Then Theorem COB guarantees that

\begin{align*} \colvector{2\\-3\\1\\4}&= \frac{-5i}{\sqrt{6}}\left(\frac{1}{\sqrt{6}}\colvector{1+i\\1\\1-i\\i}\right)+ \frac{-19+30i}{\sqrt{174}}\left(\frac{1}{\sqrt{174}}\colvector{1+5i\\6+5i\\-7-i\\1-6i}\right)\\ &\quad\quad+ \frac{120-211i}{\sqrt{3451}}\left(\frac{1}{\sqrt{3451}}\colvector{-7+34i\\-8-23i\\-10+22i\\30+13i}\right)+ \frac{6+12i}{\sqrt{119}}\left(\frac{1}{\sqrt{119}}\colvector{-2-4i\\6+i\\4+3i\\6-i}\right) \end{align*}

as you might want to check (if you have unlimited patience).

A slightly less intimidating example follows, in three dimensions and with just real numbers.

The set

\begin{equation*} \set{\vect{x}_1,\,\vect{x}_2,\,\vect{x}_3} =\set{ \colvector{1\\2\\1},\, \colvector{-1\\0\\1},\, \colvector{2\\1\\1} } \end{equation*}

is a linearly independent set, which the Gram-Schmidt Process (Theorem GSP) converts to an orthogonal set, and which can then be converted to the orthonormal set,

\begin{equation*} B= \set{\vect{v}_1,\,\vect{v}_2,\,\vect{v}_3} =\set{ \frac{1}{\sqrt{6}}\colvector{1\\2\\1},\, \frac{1}{\sqrt{2}}\colvector{-1\\0\\1},\, \frac{1}{\sqrt{3}}\colvector{1\\-1\\1} } \end{equation*}

which is therefore an orthonormal basis of \(\complex{3}\text{.}\) With three vectors in \(\complex{3}\text{,}\) all with real number entries, the inner product (Definition IP) reduces to the usual “dot product” (or scalar product) and the orthogonal pairs of vectors can be interpreted as perpendicular pairs of directions. So the vectors in \(B\) serve as replacements for our usual 3-D axes, or the usual 3-D unit vectors \(\vec{i},\vec{j}\) and \(\vec{k}\text{.}\) We would like to decompose arbitrary vectors into “components” in the directions of each of these basis vectors. It is Theorem COB that tells us how to do this.
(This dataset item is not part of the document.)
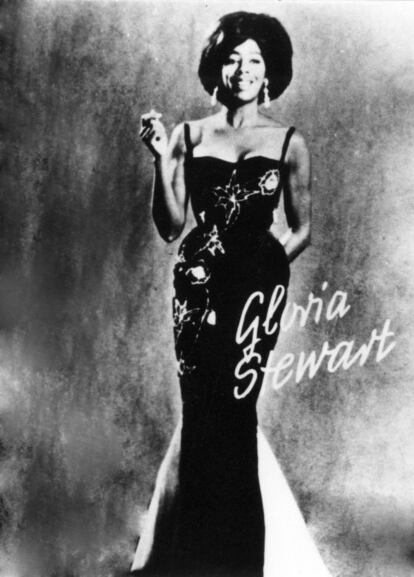 Gloria Stewart, en un cartell promocional d'una actuació seva al Berlín est, el 1965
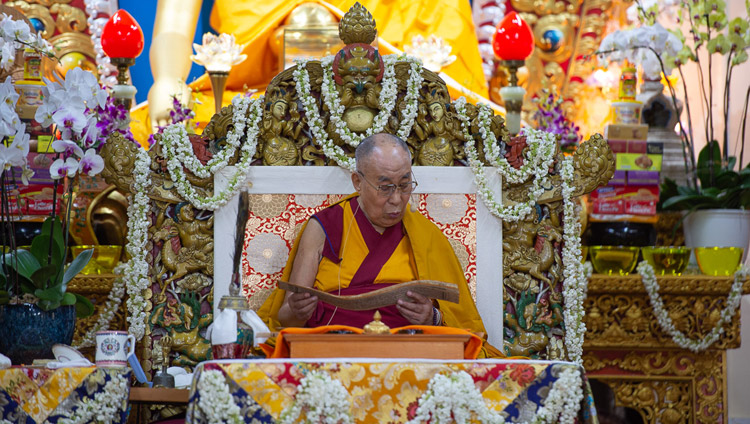 Sua Santità il Dalai Lama durante l’iniziazione di Avalokiteshvara Sarvadugati Parishodana, presso il Tempio Tibetano Principale a Dharamsala, India, il 6 settembre 2018. Foto di Lobsang Tsering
Suppose that we choose \(\vect{w}=\colvector{2\\-1\\5}\text{.}\) Compute

\begin{align*} \innerproduct{\vect{v}_1}{\vect{w}}=\frac{5}{\sqrt{6}}&& \innerproduct{\vect{v}_2}{\vect{w}}=\frac{3}{\sqrt{2}}&& \innerproduct{\vect{v}_3}{\vect{w}}=\frac{8}{\sqrt{3}} \end{align*}

then Theorem COB guarantees that

\begin{equation*} \colvector{2\\-1\\5}= \frac{5}{\sqrt{6}}\left(\frac{1}{\sqrt{6}}\colvector{1\\2\\1}\right)+ \frac{3}{\sqrt{2}}\left(\frac{1}{\sqrt{2}}\colvector{-1\\0\\1}\right)+ \frac{8}{\sqrt{3}}\left(\frac{1}{\sqrt{3}}\colvector{1\\-1\\1}\right) \end{equation*}

which you should be able to check easily, even if you do not have much patience.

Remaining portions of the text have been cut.